> [Exercise requirements]
Extract, word for word, each line from the line holding "Alcalde José Luis" through the end of the records. Omit every picture.

_ _ _ _ _ _ _

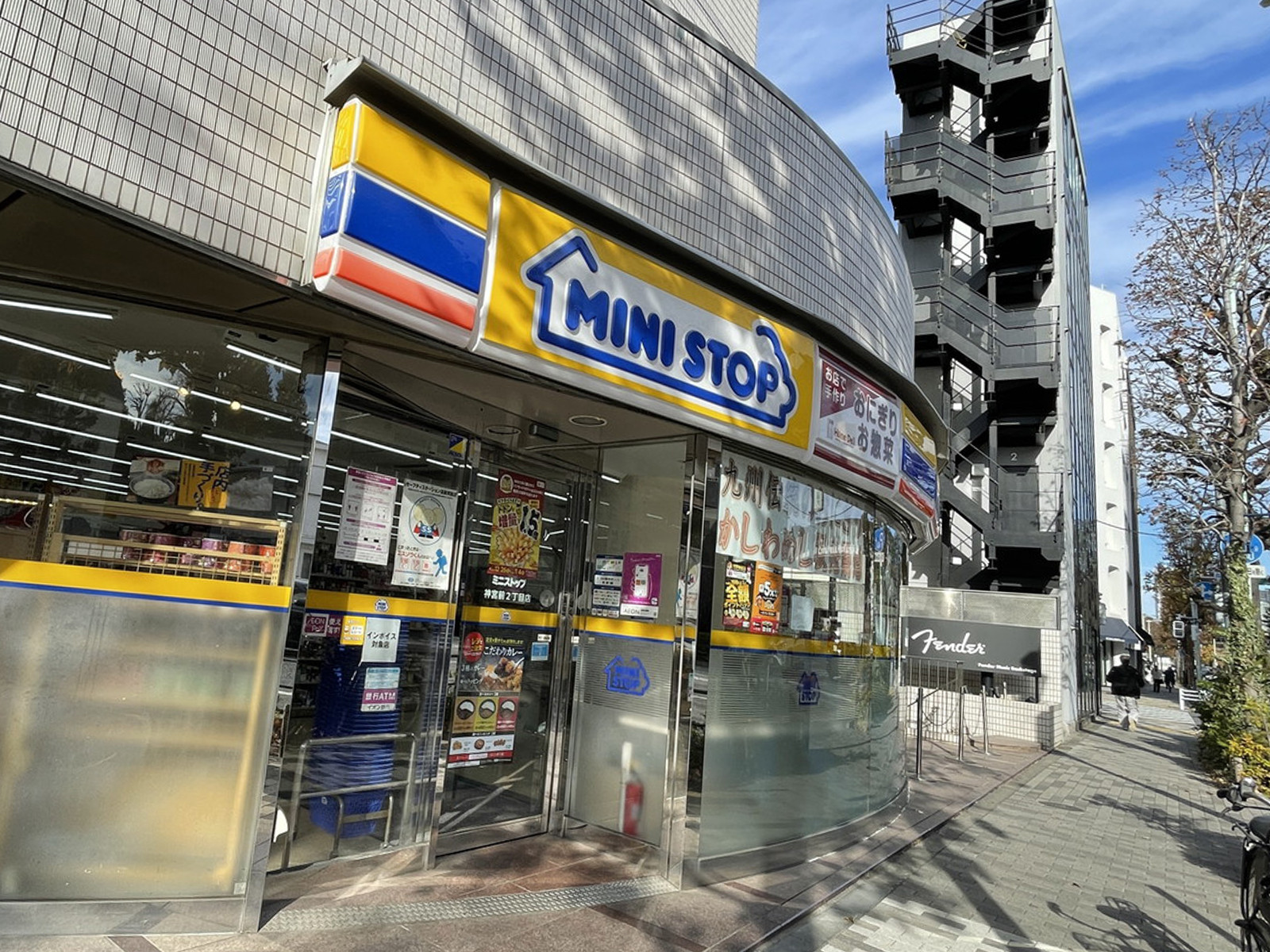 徒歩1分のミニストップ神宮前2丁目店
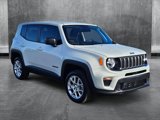 Used 2023 Jeep Renegade Latitude image 3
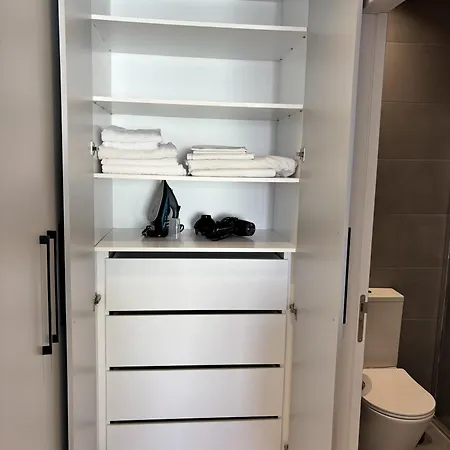 Yamas Olympia Old Town Center Apartment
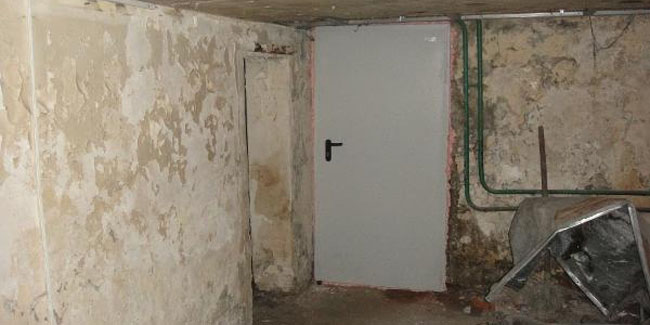 В Омске за 8 миллионов продают помещение в подвале старинного здания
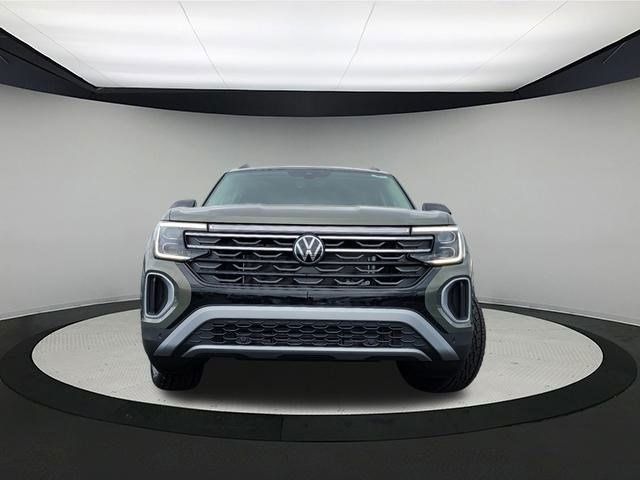 2024 Volkswagen Atlas 2.0T Peak Edition SE w/Technology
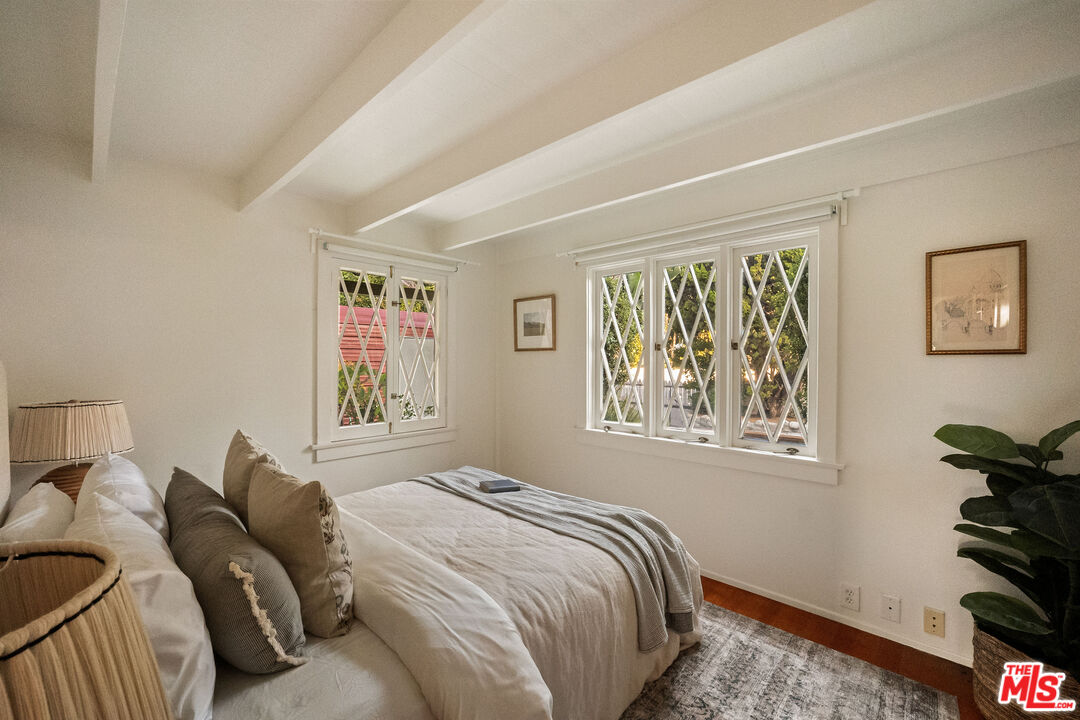 237 Mabery Road Santa Monica, CA 90402 - Photo 29 of 43 a bedroom with bed and a window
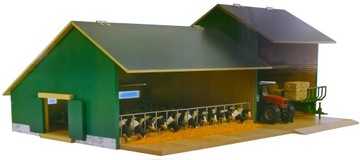 DREWNIANA OBORA DLA ZWIERZĄT Z MAGAZYNEM 1:32 FARM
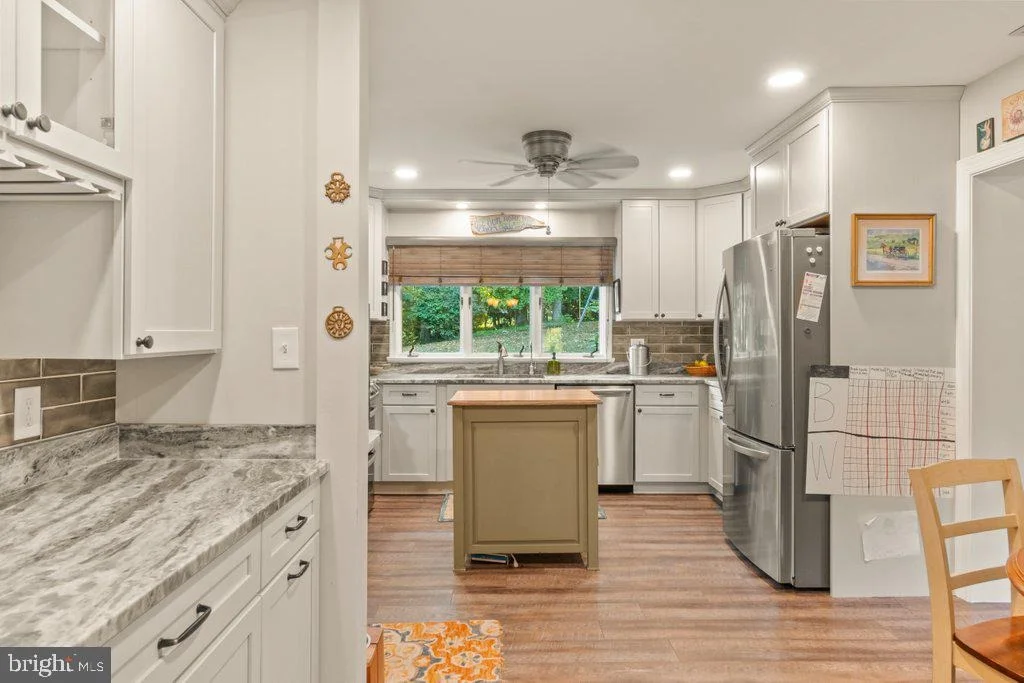 Photo of 4208 RAVENHURST CIRCLE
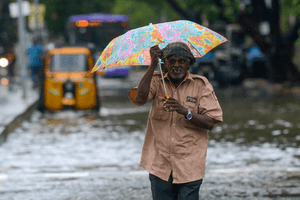 तमिलनाडु और पुडुचेरी में बारिश की संभावना, मछुआरों को समुद्र में न जाने की सलाह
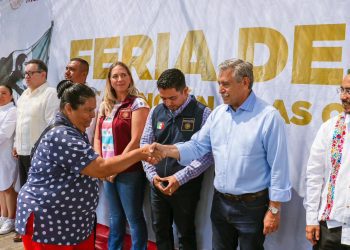 Alcalde José Luis Urióstegui Salgado dialoga con vecinos en la Feria de Paz de la colonia Patios de la Estación.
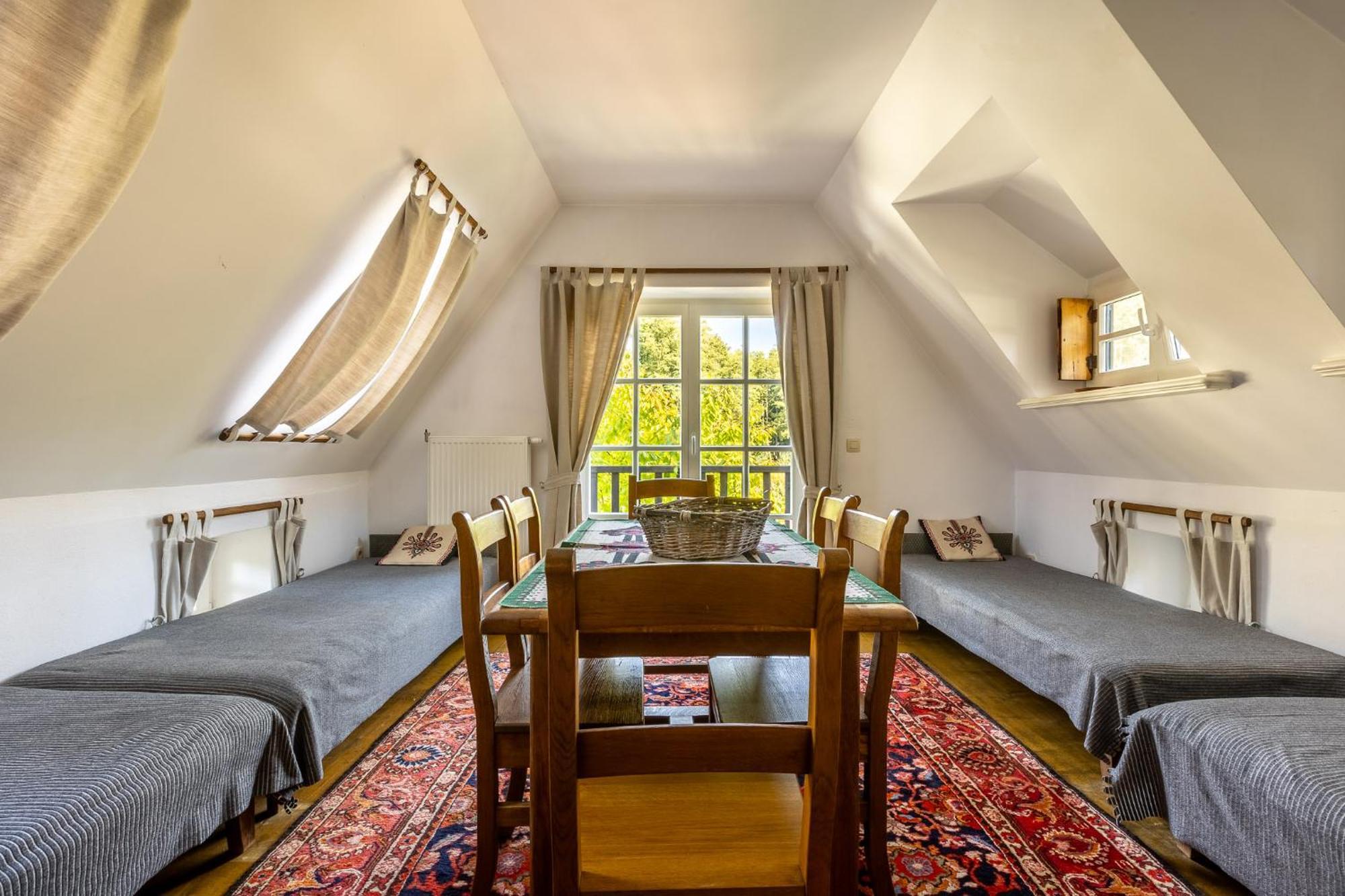 Gosciniec Pod Zajacem Bed and Breakfast Oleśnica Buitenkant foto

_ _ _ _ _ _ _

> [Your solution]
 Alcalde José Luis Urióstegui Salgado dialoga con vecinos en la Feria de Paz de la colonia Patios de la Estación.
 Gosciniec Pod Zajacem Bed and Breakfast Oleśnica Buitenkant foto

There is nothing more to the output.